I was young and impressionable, yet remained skeptical – all the way up until the point where we turned down a dark lane and came upon what looked like a religious alter, set virtually out in the middle of nowhere at the foot of a dark, wooded hill. It also looked like it could have been a barbeque grill, except it was covered with statues and religious icons. It was pretty creepy. And still, it did not prepare me for what lay ahead.
As we cruised slowly down the narrow road – again, dark, dense forest to the right, a few small cottages to the left, our headlights discovered a clearing in the woods. In that clearing was an eclectic collection of stuff animals, toys, road signs and well, a lot of junk. If I came upon such a location now, without any preconceived notion of what it was, I’d probably say something like, “Oooh, somebody needs to call the show Hoarders.”
Of course the fact that the place existed as it had been described to me didn’t mean any part of the story was true. But I do remember one item in the lot that was pretty freaky. There was a stuffed panda doll that had been nailed a tree in such a manner that it looked like a crucifixion scene. Whether not or not there was a ghost lurking about, it seemed to me that at the very least a twisted mind was behind all this.

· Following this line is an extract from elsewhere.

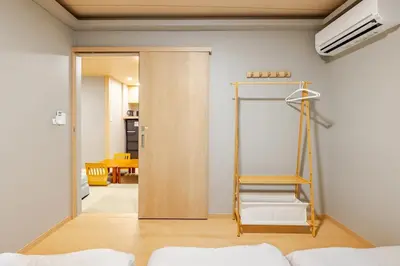 a room with a wooden door and a ladder at \u65b0\u5bbf6 Home in Tokyo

Flash forward 30 years. Reminiscing about the silly things we did as teenagers prompted me to do a little googling on Bud’s Grave. Proximity of the legendary site to the Atlantic Highlands Ferry, where I on rare occasion indulge in the pricey boat to Manhattan, got me to revisit it in person. What I found on-line, on Weird NJ for example, explained away the spooky array of toys as an eccentric collector’s ( hoarder’s ) practical joke. One account actually included an interview with Bud himself, who was still very much alive and shocked as hell that this tale grew to such epic proportions.
Still, I wanted to see what remained at the site, which hasn’t really changed that much over the years. Yes, the toys, the junk, the panda, are all gone. But the little white bungalow where Bud’s family allegedly lived is still there. And also still there at the foot of the wooded hillside, is the religious monument with 3 figurines on the altar.
As I was taking a photo of it, a man passed by walking his dog. I felt a little self-conscious, and way too old to be doing this. So I did what I usually do in an awkward moment, I started babbling, “Hi, do you know what this is?” Like, what would I be doing taking a picture of it if I didn’t have some inkling of what it was supposed to be.
The man said, “It’s a monument built for a little boy who drowned.”
How cute, and at the same time so very creepy that the local residents are still perpetuating the myth. That’s what I thought at the time. Also in the back of my mind was the idea that for some reason I shouldn’t be taking a photograph of the monument. Like the time I was at Area 51 and wanted to take a photo of the sentry gate in spite of the many warning signs not to. My partner grabbed the Iphone out of my hand and threw it to the back of the car. Certain photos are taboo and one should have the good sense to know that.
I didn’t get the picture at Area 51 but I did take the picture at Bud’s Grave last night. Mostly because I knew I wanted to blog about it, and also because I wanted a keepsake to remind me of a scary late night excursion with a group of friends from long ago.
Confident I had managed to dodge a supernatural bullet, I was a little startled this morning to open my email and see this message :
Satan is now following you on Twitter!
I was worried for a moment that by going to and photographing Bud’s Grave I had unlocked a portal to hell. Then I remembered I had started following Satan the night before, as he is into horror and posts reviews and such. Of course, if life were a movie, I would be totally cursed with demonic possession and before long my head would start spinning and the walls would be plastered with split pea soup.
So glad that movies are movies and life is not. I think I will now friend Bud’s Grave on Face Book.